Update: Tellico Village POA opposes move to pull lots from delinquent tax sale

Hugh G. Willett knoxnews.com

Loudon County is pulling hundreds of lots from a delinquent tax sale scheduled for next week, because they could create a liability of more than $500,000 per year for the county if they do not sell.
But the Tellico Village Property Owners Association filed a motion in Chancery Court Thursday disputing the county's right to cancel the sale.
The move by the county affected more than 400 lots at Tellico Village, Rarity Bay and Tennessee National that were scheduled for the tax sale, and that represented about $35,000 in back taxes due since 2009.
According to County Trustee Chip Miller, an order from Chancellor Frank Williams pulling the lots was delivered to Clerk and Master Fred Chaney on Wednesday, at the direction of the county mayor's office.
TVPOA spokesman John Cherry said a sale of the lots would benefit the TVPOA and Loudon County citizens in connection with potential taxes and assessments on some 350 Tellico Village lots. "If the lots are not included in the Oct. 20 tax sale, they will remain in legal limbo for two more years, during which neither county taxpayers nor the TVPOA will benefit," Cherry said.
The TVPOA motion disputed whether or not the county mayor had the authority to order the lots pulled from the sale. "The sole basis for Plaintiff's request to remove the Tellico Village Property was a directive from the Loudon County Mayor," the motion said. "However, Plaintiff cited no legal authority that would allow for the relief requested."
If the lots did not sell and became property of the county, state law requires the county to continue to pay the property owner's association monthly dues. At Tellico Village, where the majority of delinquent lots are located, monthly dues are $106.75 per month per lot. "They're almost impossible to sell because they have substantial tax liens against them," said Cherry. "As a result, taxpayers can't benefit from taxes collected on those lots that might be sold in the tax sale, and the POA can't receive assessments that would be due on those properties."
There is a five-year deadline within which the county must take action on the lots. The county is in the last year of that five-year window for lots that have been delinquent since 2009, Miller said.
Miller said he is not sure if the county would have to take on liability for back POA fees, which might increase the total liability three-fold. Another batch of about 350 lots delinquent since 2012 and 2013 are prepared to join the others in coming years.
"We've kicked this can down the road the last couple of years. I think this could be our last kick," said County Commissioner and budget committee member Van Shaver. Shaver said the county has been working with its attorneys and local legislators for several years to find a solution to the problem.
State Rep. Jimmy Matlock, R-Lenoir City, has been working on the issue for more than a year. Last year, along with Sen. Randy McNally, R-Oak Ridge, he was able to pass legislation that takes a step toward solving the problem for Loudon and several other counties.

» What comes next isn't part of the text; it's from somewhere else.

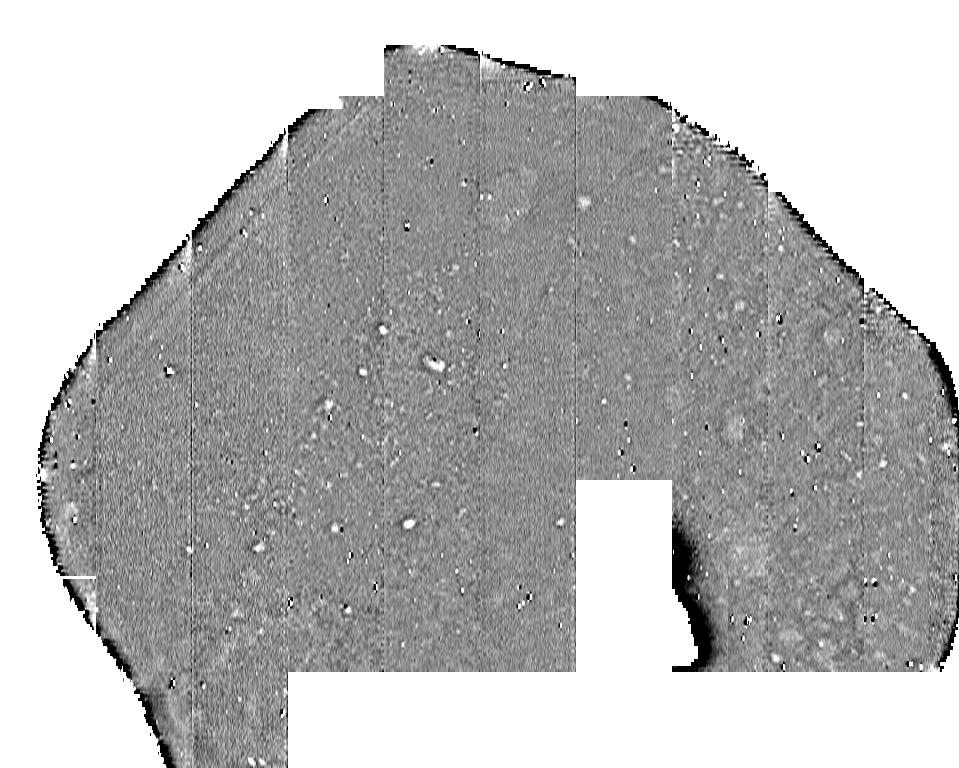 THE WESSEX HILLFORTS PROJECT Fig 2.31 Greyscale plot of the magnetometer data from Woolbury in relation to the plan of the partially removed hillfort earthworks.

According to Matlock's office, HB54 authorizes certain tax entities, such as a county, to enter into negotiations with certain non-governmental entities, such as an HOA, to make a deal allowing an undeveloped or unimproved property being sold at a tax sale to be transferred to the HOA for the purpose of settling the HOA fees.
"Passage of HB54 is a compromise on a solution regarding a rapidly growing problem with HOA fees and tax-delinquent properties in Tennessee that began shortly after the economic downturn in 2008," said Matlock's aide, Theo Vallas.

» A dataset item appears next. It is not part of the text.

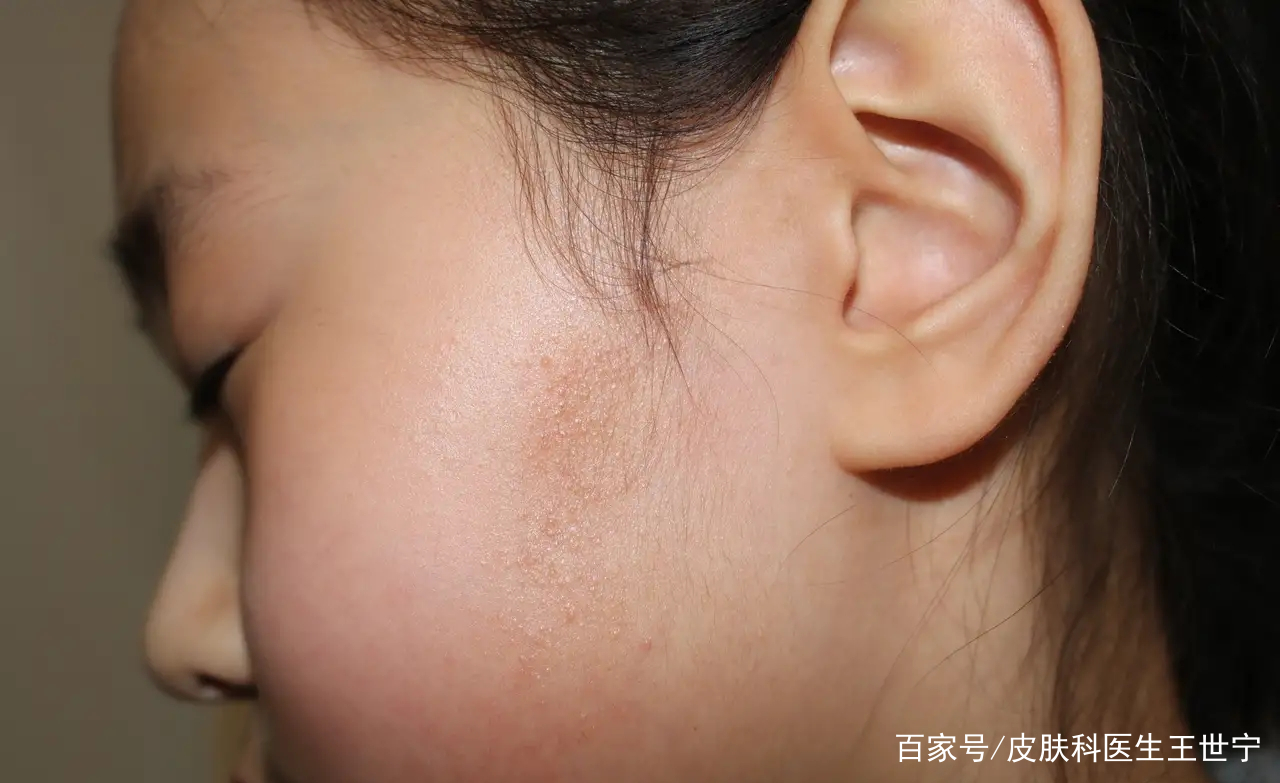 男生脸颊鸡皮肤还泛红(男生脸颊两侧暗红有鸡皮疙瘩)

The 350 properties have total assessments of some $400,000; however, the TVPOA has never insisted that Loudon County pay all assessments upon conclusion of the tax sale, but seeks to work out a process fair to everyone involved, Cherry said.
If the county doesn't reach a deal with the POA's before the five-year window is up, it will have to sell the lots and accept the costs of POA dues.
Most of the lots were owned by Capital Source and Capital Source Paradiso a Maryland bank and the bank of record to now-defunct National Recreation Properties Inc. and assorted big-block owners including James and Gloria Blalock, Bob Reed Builders Inc., and O&G Royal LLC/Property.